Turkish Literature in Other Tongues
By Mehmet Hakkı Suçin
Translated by Erhan Yükselci
A closer look at the translation activities in the geography that shares certain common cultures with Turkey, six major translation junctions can be discerned: the Baghdad-centered translation movement, the Toledo movement in Andalusia, the era of Muhammad Ali of Egypt, the Ottoman Translation Chamber, the Translation Office in the Turkish Republic period, and the TEDA project. An overview of these major junctures should be provided before proceeding to assess the current situation.

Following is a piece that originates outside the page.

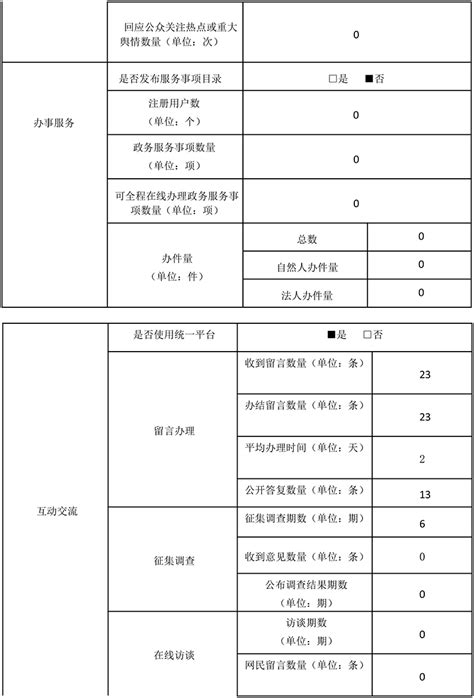 北京市重点站区管理委员会2020年政府网站年度工作报表 市级部门 首都之窗 北京市人民政府门户网站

The Baghdad-based translation movement emerged in the 9th and 10th centuries and resulted in a significant cultural transformation. Efforts to translate works of thought, science and culture of the time’s dominant Greek, Persian and Indian civilizations into Arabic and Assyrian languages not only prevented the ancient culture from fading into oblivion, but also paved the way for the thriving and transformation of the Islamic thought and the creation of a relative liberal and tolerant environment. Dozens of translators including Ibn al-Batriq (Eutychius of Alexandria), Yuhanna ibn Masawaih, Qusta ibn Luqa, Hunayn ibn Ishaq, Ishaq ibn Hunayn, Thabit ibn Qurra and Ibn al-Muqaffa left behind hundreds of works that blazed a trail for the development of Islamic philosophy and the discipline of kalam.

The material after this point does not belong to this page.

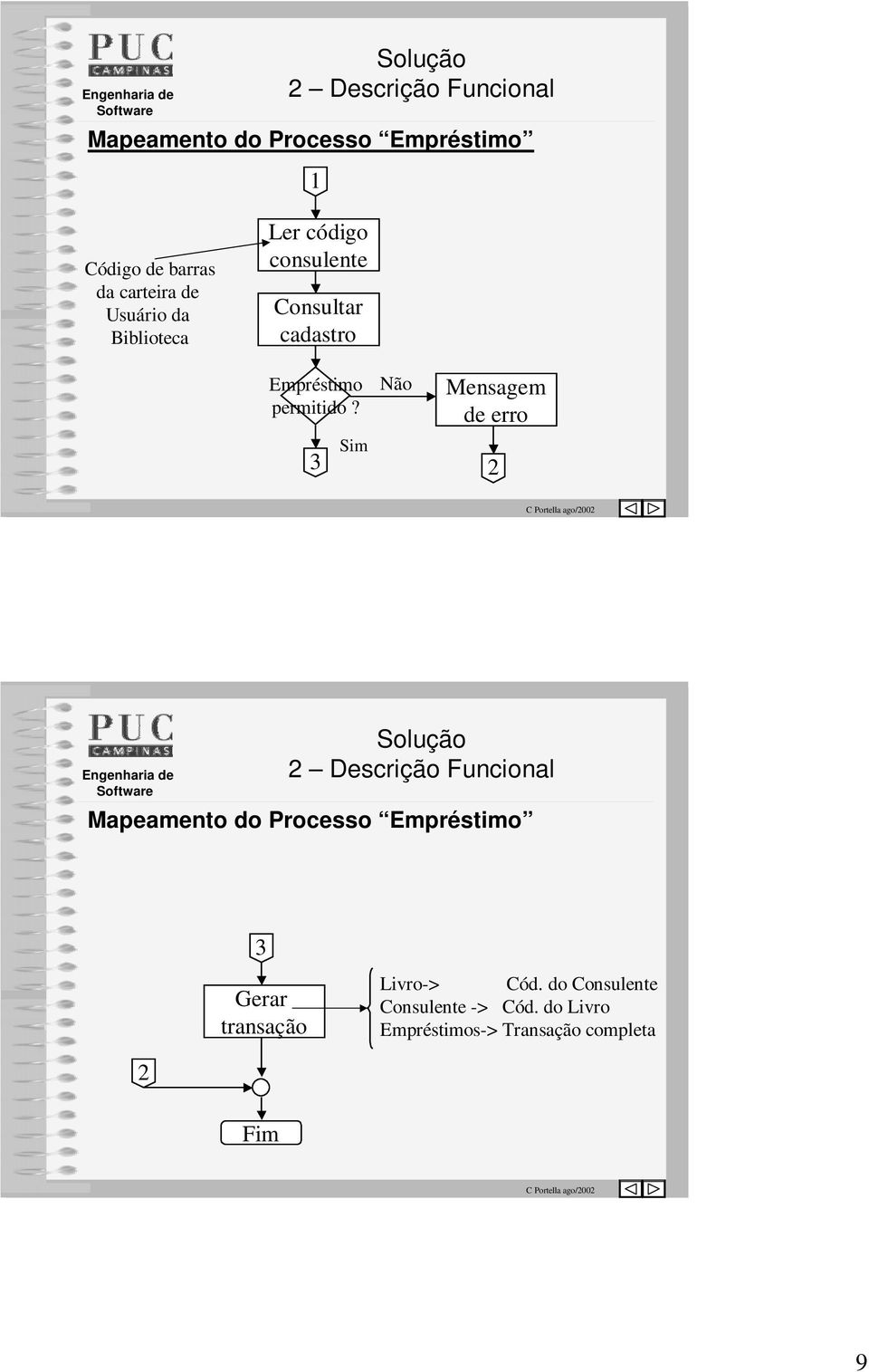 3 Sim Não Mensagem de erro 2 2 Descrição Funcional Mapeamento do Processo Empréstimo 3 Gerar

The next major translation movement emerged in Andalusia. After Toledo (Tulaytilah) was conquered back by the Spanish following a 300-year Arab rule, translation of works from Arabic to Latin and other languages commenced in the city. The Arabic-Latin translators included Constantine the African, Dominicus Gundissalinus, Gerard of Cremona, Michael Scot and Moses ben Samuel ibn Tibbon. Toledo-centered translation activities spread to other cities as well. The translations done by Jewish, Christian and Muslim translators prevented translations from ancient Greek as well as Muslim philosophers’ commentaries on them from being lost.

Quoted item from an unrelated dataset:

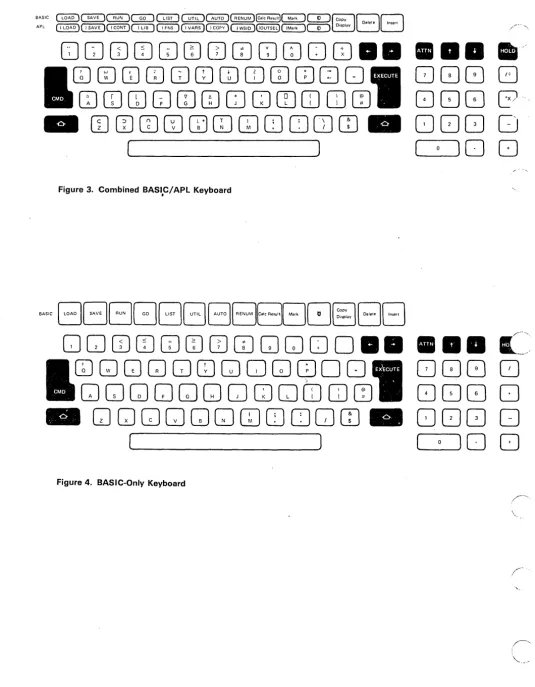Figure 3. Combined BASI,C/ APL Keyboard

The era of Muhammad Ali of Egypt can be regarded as a major junction for translation efforts. Actually, Napoleon’s expedition to Egypt had previously served as a source of inspiration for a translation movement at that time. Although Napoleon stayed for three years in Egypt, the occupation had profound effects on the country. What Napoleon’s army did in Egypt to promote science, culture and demilitarization eventually caused Muhammad Ali of Egypt to support translation work after he assumed office in the post-Napoleonic era.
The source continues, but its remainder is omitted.